Nenek

552 109 133
                                    

Jangan bosan, karena mungkin aku akan cerita panjang soal Nenekku

Ups! Gambar ini tidak mengikuti Pedoman Konten kami. Untuk melanjutkan publikasi, hapuslah gambar ini atau unggah gambar lain.

Jangan bosan, karena mungkin aku akan cerita panjang soal Nenekku. Nenek Marini. Ibu kandung dari Mamaku.

Nenekku meninggal belum lama, mungkin satu atau dua bulan yang lalu. Tepatnya tiga bulan setelah kepindahanku ke sini. Apabila dilihat dari penampilan, menurutku beliau belum terlalu tua. Usianya 67 tahun. Usia itu masih bisa dibilang lansia dini di negara ayahku. Tapi ternyata cukup bisa dibilang sepuh di Indonesia. Aku sama sekali tidak berpikir bahwa di usia itu, aku bisa kehilangan Nenek kapan saja.

Saat aku masih tinggal di negara ayahku, aku termasuk jarang mengunjunginya. Yah, apa mau dikata. Aku masih belum cukup umur untuk bisa berpergian keluar negeri sendiri. Waktu dan tentu kondisi finansialku, masih tergantung oleh orang tua. Dalam setahun atau dua tahun bisa dihitung hanya sekali, tepatnya saat summer holiday. Tidak dalam waktu yang lama. Setiap kunjungan mungkin hanya sekitar seminggu. Kembali lagi, itu semua sangat tergantung oleh orang tuaku.
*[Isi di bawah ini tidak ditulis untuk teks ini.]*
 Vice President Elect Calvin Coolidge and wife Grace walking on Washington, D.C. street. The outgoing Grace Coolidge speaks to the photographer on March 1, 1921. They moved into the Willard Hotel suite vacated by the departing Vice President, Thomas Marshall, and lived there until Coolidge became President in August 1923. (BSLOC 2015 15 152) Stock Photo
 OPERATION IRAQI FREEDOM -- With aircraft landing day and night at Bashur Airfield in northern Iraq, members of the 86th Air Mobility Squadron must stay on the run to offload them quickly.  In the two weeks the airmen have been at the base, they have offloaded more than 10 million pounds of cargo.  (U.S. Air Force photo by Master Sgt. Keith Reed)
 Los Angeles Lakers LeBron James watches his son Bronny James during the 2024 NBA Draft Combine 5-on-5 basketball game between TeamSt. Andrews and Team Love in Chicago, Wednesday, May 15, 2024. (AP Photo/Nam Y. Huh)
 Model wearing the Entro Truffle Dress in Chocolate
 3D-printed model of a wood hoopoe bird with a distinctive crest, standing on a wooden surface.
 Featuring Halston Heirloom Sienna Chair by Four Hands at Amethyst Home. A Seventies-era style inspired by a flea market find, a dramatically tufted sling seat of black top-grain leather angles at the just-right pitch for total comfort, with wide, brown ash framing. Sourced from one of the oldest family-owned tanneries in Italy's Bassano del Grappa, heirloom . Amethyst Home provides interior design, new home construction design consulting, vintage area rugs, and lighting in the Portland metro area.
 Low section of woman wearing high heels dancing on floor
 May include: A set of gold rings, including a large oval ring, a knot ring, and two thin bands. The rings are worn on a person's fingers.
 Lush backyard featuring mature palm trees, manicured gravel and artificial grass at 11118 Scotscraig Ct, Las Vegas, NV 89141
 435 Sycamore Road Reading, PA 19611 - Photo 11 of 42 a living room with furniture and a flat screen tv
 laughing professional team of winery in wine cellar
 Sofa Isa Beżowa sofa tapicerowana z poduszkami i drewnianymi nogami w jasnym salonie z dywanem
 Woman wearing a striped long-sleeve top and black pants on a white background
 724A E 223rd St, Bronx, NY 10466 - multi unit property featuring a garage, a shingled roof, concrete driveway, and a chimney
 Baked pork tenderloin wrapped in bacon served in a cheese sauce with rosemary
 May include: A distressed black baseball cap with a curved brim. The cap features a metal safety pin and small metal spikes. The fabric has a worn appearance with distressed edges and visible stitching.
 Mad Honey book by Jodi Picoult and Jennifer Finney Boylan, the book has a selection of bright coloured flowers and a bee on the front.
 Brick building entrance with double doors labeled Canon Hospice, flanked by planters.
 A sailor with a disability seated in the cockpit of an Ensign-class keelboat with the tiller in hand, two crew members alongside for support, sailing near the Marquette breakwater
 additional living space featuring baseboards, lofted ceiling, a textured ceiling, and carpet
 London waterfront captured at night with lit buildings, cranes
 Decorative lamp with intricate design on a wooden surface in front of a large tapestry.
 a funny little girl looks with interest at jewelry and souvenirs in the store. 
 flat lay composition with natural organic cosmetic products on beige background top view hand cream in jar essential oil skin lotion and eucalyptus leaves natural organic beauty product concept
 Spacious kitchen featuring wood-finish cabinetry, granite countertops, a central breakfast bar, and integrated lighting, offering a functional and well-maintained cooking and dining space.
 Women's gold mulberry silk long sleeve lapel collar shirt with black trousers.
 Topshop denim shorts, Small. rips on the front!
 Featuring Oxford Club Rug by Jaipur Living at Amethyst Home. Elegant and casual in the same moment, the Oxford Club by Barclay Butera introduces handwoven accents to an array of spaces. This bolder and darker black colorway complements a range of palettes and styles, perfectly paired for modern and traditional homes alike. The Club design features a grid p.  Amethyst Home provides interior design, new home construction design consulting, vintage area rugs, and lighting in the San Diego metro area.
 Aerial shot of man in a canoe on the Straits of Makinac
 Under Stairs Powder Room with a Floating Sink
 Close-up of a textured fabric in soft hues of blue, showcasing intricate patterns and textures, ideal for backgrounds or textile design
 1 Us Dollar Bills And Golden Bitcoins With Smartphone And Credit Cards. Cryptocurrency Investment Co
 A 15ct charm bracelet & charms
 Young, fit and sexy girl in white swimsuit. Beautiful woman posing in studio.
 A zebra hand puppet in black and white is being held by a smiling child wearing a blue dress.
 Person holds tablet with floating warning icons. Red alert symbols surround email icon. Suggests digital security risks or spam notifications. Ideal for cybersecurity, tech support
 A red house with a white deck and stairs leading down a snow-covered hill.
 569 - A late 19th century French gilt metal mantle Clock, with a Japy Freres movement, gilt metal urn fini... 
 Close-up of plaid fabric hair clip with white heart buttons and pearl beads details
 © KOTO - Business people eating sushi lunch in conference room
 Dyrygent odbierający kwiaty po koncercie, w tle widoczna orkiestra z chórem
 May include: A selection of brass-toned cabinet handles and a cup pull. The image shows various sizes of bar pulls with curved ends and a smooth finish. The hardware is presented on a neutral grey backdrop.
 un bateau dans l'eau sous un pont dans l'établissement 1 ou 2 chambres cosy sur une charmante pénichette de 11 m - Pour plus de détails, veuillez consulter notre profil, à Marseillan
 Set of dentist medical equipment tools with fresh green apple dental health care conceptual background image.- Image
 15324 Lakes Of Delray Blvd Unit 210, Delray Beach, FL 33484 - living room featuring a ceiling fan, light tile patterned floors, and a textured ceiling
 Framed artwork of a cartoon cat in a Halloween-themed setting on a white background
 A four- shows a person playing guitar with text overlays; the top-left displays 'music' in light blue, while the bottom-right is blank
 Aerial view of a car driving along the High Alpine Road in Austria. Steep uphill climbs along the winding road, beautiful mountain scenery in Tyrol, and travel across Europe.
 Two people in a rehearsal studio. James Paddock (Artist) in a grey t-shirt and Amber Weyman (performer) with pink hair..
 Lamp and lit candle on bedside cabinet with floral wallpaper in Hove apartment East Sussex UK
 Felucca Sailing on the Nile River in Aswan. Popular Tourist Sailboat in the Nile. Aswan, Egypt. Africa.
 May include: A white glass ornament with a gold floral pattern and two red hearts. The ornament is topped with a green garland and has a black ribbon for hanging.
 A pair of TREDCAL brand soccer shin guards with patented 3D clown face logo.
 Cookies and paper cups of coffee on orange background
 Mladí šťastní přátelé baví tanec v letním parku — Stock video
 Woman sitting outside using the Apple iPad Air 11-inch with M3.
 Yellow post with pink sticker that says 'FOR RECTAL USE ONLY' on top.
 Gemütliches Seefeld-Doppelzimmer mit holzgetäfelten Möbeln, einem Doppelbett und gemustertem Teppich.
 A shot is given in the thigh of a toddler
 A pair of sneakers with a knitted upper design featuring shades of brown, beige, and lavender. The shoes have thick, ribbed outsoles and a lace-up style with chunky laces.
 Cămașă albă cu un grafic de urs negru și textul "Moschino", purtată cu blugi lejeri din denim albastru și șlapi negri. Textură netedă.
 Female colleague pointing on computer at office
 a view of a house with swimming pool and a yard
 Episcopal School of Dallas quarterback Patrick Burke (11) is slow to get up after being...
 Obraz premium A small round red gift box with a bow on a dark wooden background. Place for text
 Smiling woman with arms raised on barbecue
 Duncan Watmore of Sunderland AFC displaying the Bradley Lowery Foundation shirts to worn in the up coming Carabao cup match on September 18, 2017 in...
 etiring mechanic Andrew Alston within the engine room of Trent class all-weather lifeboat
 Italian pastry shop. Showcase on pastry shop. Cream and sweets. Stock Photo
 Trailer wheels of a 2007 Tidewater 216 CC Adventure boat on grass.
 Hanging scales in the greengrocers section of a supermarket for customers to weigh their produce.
Selain itu, kami hanya berkomunikasi seadanya dan seperlunya. Jarak yang terbentang dan perbedaan waktu menjadi kendala. Maka dari itu, aku sedikit memaksa nenek untuk punya smartphone. Setidaknya dengan itu, kami bisa saling bertukar kabar. Atau sekedar mengucapkan selamat pagi dan selamat tidur.

Untungnya, Nenekku adalah tipikal orang tua yang sangat mau menerima perkembangan jaman. Nenek juga cepat belajar. Tidak kolot. Punya menantu orang asing mungkin bisa dijadikan bukti bahwa Nenek cukup open-minded. I must say, I love her more than my parent. Seandainya aku tahu lebih awal bahwa aku akan kehilangan Nenek di usiaku ke 17 tahun, pasti aku akan berusaha lebih meluangkan waktu untuk bersamanya. Mengumpulkan memory tentangnya lebih banyak lagi.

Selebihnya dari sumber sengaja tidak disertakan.